All of the above seems easy, but the main difficulty of benchmarking code is that benchmarks need to provide stable results. If benchmark results vary greatly from run to run, developers will spend a lot of time investigating if the code is slow or if the actual test is the problem. Measurements are only as good as the environment in which they’re gathered, so we suggest two things to minimize the impact of the environment on your benchmark results:
-
Use a dedicated machine to run benchmarks. Background processes can affect the results, so we have a dedicated machine in our continuous integration system that only runs benchmarks.
-
Run the benchmark test a few times before actually measuring time. This is called a warmup step and will prepare the operating system caches, etc. so that results are more stable.
How you write benchmark tests is also important. In our experience, the main causes of flaky unit tests are similar to the main causes of flaky benchmark tests. To mitigate flakiness, disk or network access should be stubbed out in the tests if possible. Benchmark tests, as well as unit tests, should test small functions. If you benchmark a large amount of code, a slowdown will be much more difficult to diagnose.
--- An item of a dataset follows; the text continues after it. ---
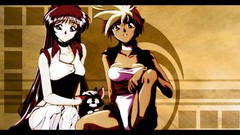 Dirty Pair animation Anime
Even if best practices are followed, anomalies in benchmark results are inevitable, and our goal is to identify and remove them. Bogus results will show as clear outliers in the test results, and they can be discarded if the focus is not on individual benchmark results, but rather on an aggregated set of results over a period of time (for example, a week).
Conclusion
Code performance is important, and measuring it effectively is a problem for many software teams. There are several external factors that affect the running time of a program, so the goal of any team introducing benchmarks to its codebase should be to reduce those external factors to the minimum.
We found that interpreting the output of flaky benchmarks (benchmarks whose running time varies abruptly even if the underlying code that is tested does not change) is time consuming, and just like flaky tests in general, they should be marked, isolated, and addressed promptly to avoid introducing performance regressions to a codebase.